Dubai, Jul 9(The National): After 11 years in the emirate, India's Manipal University is turning its focus on research, with the launch of its first PhD course this autumn.
The country's first doctorate in biotechnology will start in October, with perhaps four students researching areas such as immunology and genetic disease.
It is only the fifth Dubai institutions to offer doctorates. In the academic year that finished last month, just one in 250 of the emirate's students was reading for a doctorate.
"It adds prestige to an institution," said Manipal's director, Dr B Ramjee. "The future of biotechnology is thoroughly important … both in industry and academia."
The biotechnology department is headed by Dr Firdos Alam Khan, who stressed the rapid growth in the importance of his field. "Medics only know how to deal with patients and engineers only know how to deal with instrumentation, but we need people who deal with issues such as physiology, biomedical engineering and toxicology," he said.
"We've seen many students who wanted to pursue their research careers beyond master's level, but couldn't. There are many mutations of genetic disorders here, for example, which are not found anywhere else in the world. Not only that, but strains of cancer can be different to those traditionally found in Asian or Caucasian populations. Identifying these mutations is important to give to industry so they can find the target drugs."
The course has received more than 20 applicants so far, but there is one major stumbling block: a lack of funding and grants. All candidates will have to pay about Dh35,000 a year for a minimum of three years to cover teaching, laboratory use and consumables. This lack of financial support, says Dr Khan, comes from industry's lack of understanding of the importance of research.
"The federal Government needs to encourage more involvement of industry," he said. "They need to come up with some kind of subsidy so they encourage industry to do their own research and development. Industry's priority here is marketing, not research."

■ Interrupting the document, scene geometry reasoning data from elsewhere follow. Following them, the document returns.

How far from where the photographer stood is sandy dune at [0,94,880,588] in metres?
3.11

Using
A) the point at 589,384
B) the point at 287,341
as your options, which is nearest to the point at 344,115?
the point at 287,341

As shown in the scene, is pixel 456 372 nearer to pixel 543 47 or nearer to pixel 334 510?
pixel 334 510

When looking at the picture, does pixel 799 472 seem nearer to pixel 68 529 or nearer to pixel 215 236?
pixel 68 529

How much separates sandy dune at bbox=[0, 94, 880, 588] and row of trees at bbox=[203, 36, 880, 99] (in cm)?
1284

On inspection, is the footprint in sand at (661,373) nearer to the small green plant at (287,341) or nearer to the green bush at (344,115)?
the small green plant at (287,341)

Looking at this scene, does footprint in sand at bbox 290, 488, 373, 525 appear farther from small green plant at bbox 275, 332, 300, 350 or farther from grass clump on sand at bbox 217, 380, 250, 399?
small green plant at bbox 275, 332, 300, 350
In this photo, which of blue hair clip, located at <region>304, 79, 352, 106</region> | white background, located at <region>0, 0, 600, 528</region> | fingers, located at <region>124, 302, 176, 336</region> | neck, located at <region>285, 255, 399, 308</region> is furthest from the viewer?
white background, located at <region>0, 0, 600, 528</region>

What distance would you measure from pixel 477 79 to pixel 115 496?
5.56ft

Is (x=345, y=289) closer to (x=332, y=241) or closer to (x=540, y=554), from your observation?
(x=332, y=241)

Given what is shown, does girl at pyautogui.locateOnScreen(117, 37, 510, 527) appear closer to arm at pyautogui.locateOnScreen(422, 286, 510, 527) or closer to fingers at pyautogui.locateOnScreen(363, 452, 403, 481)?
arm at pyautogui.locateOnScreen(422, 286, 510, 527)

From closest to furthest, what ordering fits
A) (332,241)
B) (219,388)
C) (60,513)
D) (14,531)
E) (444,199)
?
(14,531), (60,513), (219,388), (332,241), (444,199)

Shalini Behl, 27, hopes to be accepted on the course. She, like all the applicants so far, is Indian, and says the reputation of Manipal in India was a big factor in her choice. Although she is prepared to pay to advance her academic career, she hopes that in time there might be grants to subsidise her research.
Mrs Behl has spent two years researching immunology after completing her master's at Banasthali University in northern India, and moved to the UAE with her husband three months ago.

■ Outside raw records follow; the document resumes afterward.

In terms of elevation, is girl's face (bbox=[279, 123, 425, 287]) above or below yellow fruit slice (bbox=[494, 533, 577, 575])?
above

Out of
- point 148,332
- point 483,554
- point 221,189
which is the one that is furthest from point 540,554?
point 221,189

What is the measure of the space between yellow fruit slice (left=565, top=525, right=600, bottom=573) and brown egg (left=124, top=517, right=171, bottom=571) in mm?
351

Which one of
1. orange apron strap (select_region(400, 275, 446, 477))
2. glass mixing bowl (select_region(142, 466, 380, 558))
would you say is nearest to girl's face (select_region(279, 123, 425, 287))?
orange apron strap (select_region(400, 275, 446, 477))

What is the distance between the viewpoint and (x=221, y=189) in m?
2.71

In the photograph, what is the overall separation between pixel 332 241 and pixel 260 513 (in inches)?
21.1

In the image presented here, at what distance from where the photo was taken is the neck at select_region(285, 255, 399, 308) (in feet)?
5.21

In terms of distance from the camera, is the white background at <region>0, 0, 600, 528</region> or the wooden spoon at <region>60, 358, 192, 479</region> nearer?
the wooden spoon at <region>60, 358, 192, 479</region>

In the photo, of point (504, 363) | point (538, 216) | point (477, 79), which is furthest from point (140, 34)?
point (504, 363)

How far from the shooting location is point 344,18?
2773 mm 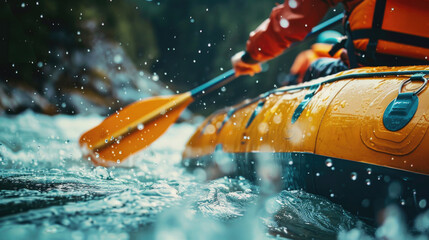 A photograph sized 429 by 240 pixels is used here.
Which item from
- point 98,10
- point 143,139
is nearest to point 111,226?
point 143,139

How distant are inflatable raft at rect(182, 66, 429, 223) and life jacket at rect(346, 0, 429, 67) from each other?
6.6 inches

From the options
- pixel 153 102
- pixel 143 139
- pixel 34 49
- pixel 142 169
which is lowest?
pixel 142 169

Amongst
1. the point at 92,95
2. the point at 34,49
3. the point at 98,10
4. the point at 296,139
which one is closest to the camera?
the point at 296,139

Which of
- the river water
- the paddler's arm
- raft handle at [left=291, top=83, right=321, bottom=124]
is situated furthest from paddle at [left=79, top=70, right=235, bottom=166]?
raft handle at [left=291, top=83, right=321, bottom=124]

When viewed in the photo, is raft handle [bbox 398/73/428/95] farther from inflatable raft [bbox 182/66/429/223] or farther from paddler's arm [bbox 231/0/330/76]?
paddler's arm [bbox 231/0/330/76]

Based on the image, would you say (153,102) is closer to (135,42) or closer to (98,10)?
(98,10)

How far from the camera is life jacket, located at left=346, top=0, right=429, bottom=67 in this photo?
140cm

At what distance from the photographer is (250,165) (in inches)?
75.7

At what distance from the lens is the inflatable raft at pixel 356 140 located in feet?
3.51

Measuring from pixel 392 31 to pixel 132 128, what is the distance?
6.78ft

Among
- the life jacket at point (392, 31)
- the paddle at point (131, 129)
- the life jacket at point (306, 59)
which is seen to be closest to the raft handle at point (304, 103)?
the life jacket at point (392, 31)

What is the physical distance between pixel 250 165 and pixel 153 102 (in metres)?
1.39

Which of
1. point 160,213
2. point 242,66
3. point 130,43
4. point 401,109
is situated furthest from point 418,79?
point 130,43

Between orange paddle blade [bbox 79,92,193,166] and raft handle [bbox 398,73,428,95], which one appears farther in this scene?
orange paddle blade [bbox 79,92,193,166] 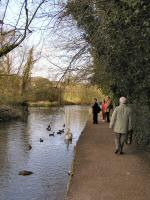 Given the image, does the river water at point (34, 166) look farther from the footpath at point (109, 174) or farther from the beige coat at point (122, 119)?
the beige coat at point (122, 119)

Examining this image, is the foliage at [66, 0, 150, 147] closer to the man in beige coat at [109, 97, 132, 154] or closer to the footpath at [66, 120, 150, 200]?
the man in beige coat at [109, 97, 132, 154]

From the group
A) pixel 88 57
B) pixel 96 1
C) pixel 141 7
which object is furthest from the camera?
pixel 88 57

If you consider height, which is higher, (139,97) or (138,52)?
(138,52)

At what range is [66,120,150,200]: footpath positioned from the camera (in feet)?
33.1

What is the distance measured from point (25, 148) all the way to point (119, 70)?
10.1 metres

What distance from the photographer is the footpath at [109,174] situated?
10078mm

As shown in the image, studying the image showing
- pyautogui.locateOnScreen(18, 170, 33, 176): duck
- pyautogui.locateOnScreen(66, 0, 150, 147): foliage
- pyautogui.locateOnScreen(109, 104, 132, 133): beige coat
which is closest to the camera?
pyautogui.locateOnScreen(66, 0, 150, 147): foliage

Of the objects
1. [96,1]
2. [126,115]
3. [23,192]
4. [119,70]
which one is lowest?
[23,192]

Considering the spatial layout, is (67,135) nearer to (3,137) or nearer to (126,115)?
(3,137)

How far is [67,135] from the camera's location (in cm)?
2827

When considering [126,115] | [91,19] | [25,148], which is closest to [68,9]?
[91,19]

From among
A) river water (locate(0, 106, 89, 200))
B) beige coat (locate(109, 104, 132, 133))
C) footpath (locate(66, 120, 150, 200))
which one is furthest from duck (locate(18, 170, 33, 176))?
beige coat (locate(109, 104, 132, 133))

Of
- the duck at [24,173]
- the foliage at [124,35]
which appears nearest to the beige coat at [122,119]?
the foliage at [124,35]

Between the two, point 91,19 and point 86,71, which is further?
point 86,71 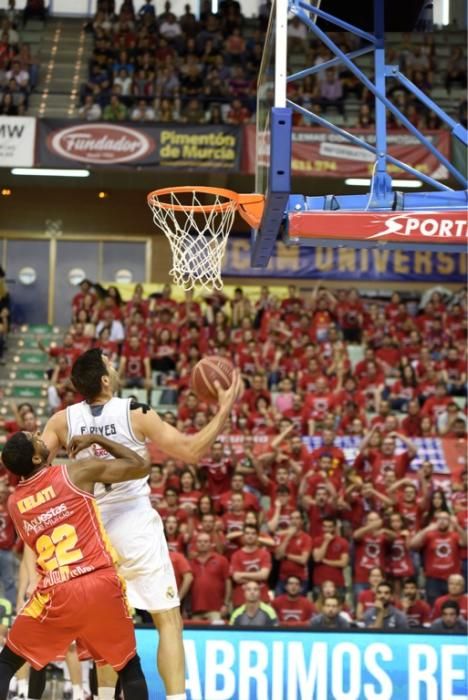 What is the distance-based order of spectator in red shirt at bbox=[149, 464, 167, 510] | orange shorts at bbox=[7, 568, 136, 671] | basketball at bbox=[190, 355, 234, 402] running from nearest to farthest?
orange shorts at bbox=[7, 568, 136, 671] → basketball at bbox=[190, 355, 234, 402] → spectator in red shirt at bbox=[149, 464, 167, 510]

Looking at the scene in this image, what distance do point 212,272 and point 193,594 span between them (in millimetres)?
4363

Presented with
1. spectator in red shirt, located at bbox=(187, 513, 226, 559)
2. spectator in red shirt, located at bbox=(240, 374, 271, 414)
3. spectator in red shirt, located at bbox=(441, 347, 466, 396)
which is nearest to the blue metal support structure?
spectator in red shirt, located at bbox=(187, 513, 226, 559)

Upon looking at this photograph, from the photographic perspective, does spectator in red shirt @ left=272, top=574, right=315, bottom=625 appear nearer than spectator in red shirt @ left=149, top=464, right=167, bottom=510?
Yes

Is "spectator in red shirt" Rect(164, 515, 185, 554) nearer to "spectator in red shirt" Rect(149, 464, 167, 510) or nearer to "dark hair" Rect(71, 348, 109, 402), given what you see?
"spectator in red shirt" Rect(149, 464, 167, 510)

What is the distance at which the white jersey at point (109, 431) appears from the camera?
611cm

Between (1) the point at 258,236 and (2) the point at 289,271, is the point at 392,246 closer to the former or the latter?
(1) the point at 258,236

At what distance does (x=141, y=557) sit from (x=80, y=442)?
86 centimetres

"Hopefully my research can get funding from agencies in India," she said. "Without grants, it's very difficult to do good research."
Biotechnology is offered at just a handful of universities in the UAE, including the University of Sharjah and the Biotechnology University College in Dubai - and only as a first degree.
Researchers at Manipal Dubai are already working in areas relevant to the UAE, such as thalassaemia, a common genetic disease in the region.
Tavoos Hassan Bhat, a health and safety officer at Mafraq Hospital in Abu Dhabi, believes a PhD from Manipal would give him many opportunities here and in India. He has a master's degree in biomedical science and has been researching immunology with a focus on rheumatoid arthritis, in India.
He could not afford to take his studies to the PhD level and came to the UAE for work. Now he hopes to study part-time while working at the hospital.
"I came here for the job but this would be perfect for my situation now if I could do my studies at the weekends," he said.
Manipal, one of the first foreign universities to establish a branch campus in Dubai in 2000, with just 100 students, is now one of the largest private universities in the emirate, with about 1,600 students.
It is also planning to open a medical school - within two years, according to Dr Ramjee - that will offer courses including nursing, pharmacology and dentistry.
Currently, there is just one medical school in the emirate, the Dubai Medical College for Girls, a gap that Dr Ramjee says the university hopes to fill.